Il grande Zimbabwe è il nome di uno straordinario sito archeologico dell'Africa australe, composto da una serie di costruzioni murarie in un continente fatto di capanne di fango. Wilbur Smith per giustificare questo mistero scientifico s'inventò che fosse stato creato da una tribù barbara (nel senso che noi europei diamo a questa parola, leggasi "i barbari delle invasioni barbariche") che aveva perso la strada ed era finita laggiù. Ma si sa, Wilbur è uno stronzo colonialista.
Anche lo Zimbabwe-nazione è una pura creazione coloniale: venne "inventato" da Cecil Rhodes, presidente della British South African Company, si chiamò non a caso Rhodesia del Sud (quella del Nord era lo Zambia), e venne di fatto governato per cent'anni sul modello sudafricano: ai bianchi potere, terra, miniere, ai neri miserabili riserve sovrapopolate e lavori servili. In Zimbabwe è cresciuta anche Doris Lessing, una delle scrittrici più straordinarie del '900, premiata col Nobel 2 anni fa; nata in Iran, figlia di un funzionario dell'amministrazione coloniale britannica ferito durante la prima guerra mondiale e "pensionato" con un pezzo di terra in Africa, comunista, ha raccontato il paese (che abbandonò a 30 anni per trasferirsi a Londra) con straordinaria vividezza. Negli anni '60 Ian Smith proclamò unilateralmente l'indipendenza, mai riconosciuta dalla comunità internazionale; nel 1980, alla fine di una lunga guerra di liberazione, il regime bianco e razzista cadde. Vinse Robert Mugabe, i neri, divisi in due fazioni (Zanu e Zapu, che ricalcavano le divisioni etniche fra la maggioranza Shona, a cui appartiene Mugabe, e la minoranza Ndebele, che ricalcavano a loro volta le tradizionali divisioni fra agricoltori e allevatori), regolarono i loro conti piuttosto sanguinosamente. Mugabe uscì vincitore, e si aprì una stagione di grandi speranze. All'epoca tutte le persone di buona volontà credevano in Mugabe: conservo riviste degli anni '80 (quando studiavo storia dell'Africa all'Università di Bologna), riviste cattoliche, terzomondiste, di ogni tipo, in cui si magnificava il progresso del paese. Le condizioni della popolazione (nera) miglioravano, l'autosufficienza alimentare sembrava raggiunta, anzi, lo Zimbabwe (tradizionale produttore di tabacco) tornava ad esportare, Mugabe stesso appariva come un leader autorevole pragmatico, aperto alla chiesa cattolica, nonostante il suo pseudo-marxismo. Un motivetto pop ("Bobby Mugabe, comes from Zimbabwe...") ne cantava le gesta. Tutto ciò nonostante la vicinanza con uno scomodissimo vicino, il Sud Africa dell'apartheid, che fomentava guerre e guerriglie in tutti i paesi confinanti della cosiddetta front-line (quasi tutti governati da regimi socialistoidi).

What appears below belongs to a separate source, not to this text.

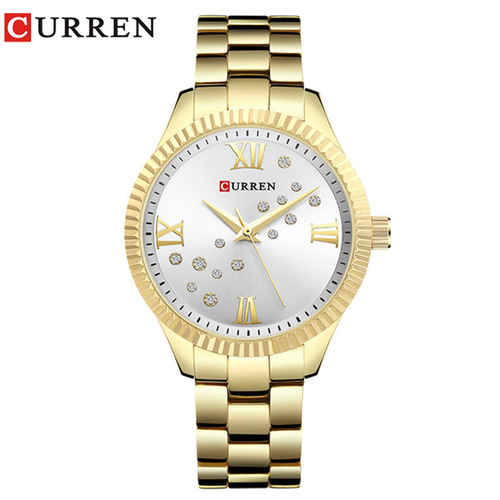 curren/Karen 9009 women's watch waterproof steel belt women's watch fashion casual quartz watch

I problemi sono cominciati ad emergere negli anni '90, con l'avvio della riforma agraria. Certo, è un dato di fatto che le terre migliori erano ancora in mano ad una minoranza di farmers bianchi; ma è altrettanto vero che questi farmers erano lì da una vita, davano lavoro a un sacco di neri (affittuari, mezzadri, braccianti) e sapevano il fatto loro. Togliergli le terre per darle ai "reduci" - i sostenitori di Mugabe - è stato un disastro, il che dimostra come un'idea che sembra giusta in linea di principio possa rappresentare una iattura se tradotta in pratica. Mugabe è diventato in breve una "bestia nera", e oggi gli è addirittura negato l'ingresso in Europa e negli Usa (il che francamente pare un'esagerazione, se si pensa ai salamelecchi che facciamo ad un personaggio di sicuro peggiore quale è Gheddafi, per non dire dell'appoggio dato in passato dall'Occidente a dittatori come Mobutu Sese Seko o Siad Barre). Il paese è ridotto alla fame e il regime si è avvitato su se stesso, sprofondando in un gorgo di autoritarismo e violenze. Il risultato sono le migliaia di emigrati che cercano un futuro migliore in Sud Africa (oggi come un tempo, ma oggi è forse anche peggio di un tempo perché il Sud Africa non li vuole). Sono la conflittualità diffusa, sono il colera di cui parlano i giornali in questi giorni.